To generate a sample of S-expressions that can be easily loaded into the S-expression Grammar Analyzer:

make samples SAMPLE_SIZE=5

This will create a file with the extension .sample.lisp containing 5 sample S-expressions.

Visualization

To view the syntax trees in the web UI:

make serve
# Then visit http://localhost:8765 in your browser

Advanced Emacs Integration

For users with Emacs, the project provides enhanced syntax highlighting and visualization:

# Copy the provided .emacs.d/init.el or load publish.el
emacs -l publish.el

# Then open any .lisp file in the examples directory
# Use C-c t to visualize the tree structure

Literary Texts

The repository includes org-mode scripts to download various French literary texts for testing and analysis:

# Download all texts
make download-texts

# Process specific texts
make run INPUT_FILE=data/pg2650.txt OUTPUT_FILE=output/swann.lisp
make run INPUT_FILE=data/pg6099.txt OUTPUT_FILE=output/baudelaire.lisp

Examples

The examples/ directory contains S-expression examples at various complexity levels:

  • Simple examples with basic subject-verb structures
  • Medium examples with prepositional phrases and modifiers
  • Complex examples with relative/subordinate clauses
  • Very complex examples typical of Proust’s style

Documentation

The documentation is available in the org-mode files and can be published to HTML:

# Generate all documentation
make docs

# Serve and view the documentation
make serve
# Then visit http://localhost:8765 in your browser

Development

Running Tests

make test

Code Formatting

make format

Capturing Screenshots

# Setup shot-scraper
./setup-shot-scraper.sh

# Capture screenshots of the web UI
make screenshots

License

MIT License

Copyright (c) 2025 Jason Walsh

Permission is hereby granted, free of charge, to any person obtaining a copy of this software and associated documentation files (the “Software”), to deal in the Software without restriction, including without limitation the rights to use, copy, modify, merge, publish, distribute, sublicense, and/or sell copies of the Software, and to permit persons to whom the Software is furnished to do so, subject to the following conditions:

The above copyright notice and this permission notice shall be included in all copies or substantial portions of the Software.
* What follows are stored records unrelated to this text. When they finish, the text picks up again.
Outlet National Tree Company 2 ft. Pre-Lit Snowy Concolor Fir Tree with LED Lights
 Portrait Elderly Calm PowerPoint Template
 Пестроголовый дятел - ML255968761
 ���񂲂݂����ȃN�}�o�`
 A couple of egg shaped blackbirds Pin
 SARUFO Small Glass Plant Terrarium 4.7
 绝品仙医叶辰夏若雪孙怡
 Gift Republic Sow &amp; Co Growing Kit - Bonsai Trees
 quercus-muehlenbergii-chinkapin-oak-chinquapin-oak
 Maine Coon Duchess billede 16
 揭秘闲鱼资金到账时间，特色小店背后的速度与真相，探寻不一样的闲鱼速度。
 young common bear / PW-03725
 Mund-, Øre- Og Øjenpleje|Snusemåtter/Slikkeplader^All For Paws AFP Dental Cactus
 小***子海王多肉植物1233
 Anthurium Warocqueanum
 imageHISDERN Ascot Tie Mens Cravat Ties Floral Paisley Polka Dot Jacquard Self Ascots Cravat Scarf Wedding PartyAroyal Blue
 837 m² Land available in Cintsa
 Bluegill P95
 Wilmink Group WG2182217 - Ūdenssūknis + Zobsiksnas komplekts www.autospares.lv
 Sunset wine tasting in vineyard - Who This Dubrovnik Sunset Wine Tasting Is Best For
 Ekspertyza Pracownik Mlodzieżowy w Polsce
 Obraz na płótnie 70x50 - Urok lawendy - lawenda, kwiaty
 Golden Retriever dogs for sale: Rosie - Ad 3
THE SOFTWARE IS PROVIDED “AS IS”, WITHOUT WARRANTY OF ANY KIND, EXPRESS OR IMPLIED, INCLUDING BUT NOT LIMITED TO THE WARRANTIES OF MERCHANTABILITY, FITNESS FOR A PARTICULAR PURPOSE AND NONINFRINGEMENT. IN NO EVENT SHALL THE AUTHORS OR COPYRIGHT HOLDERS BE LIABLE FOR ANY CLAIM, DAMAGES OR OTHER LIABILITY, WHETHER IN AN ACTION OF CONTRACT, TORT OR OTHERWISE, ARISING FROM, OUT OF OR IN CONNECTION WITH THE SOFTWARE OR THE USE OR OTHER DEALINGS IN THE SOFTWARE.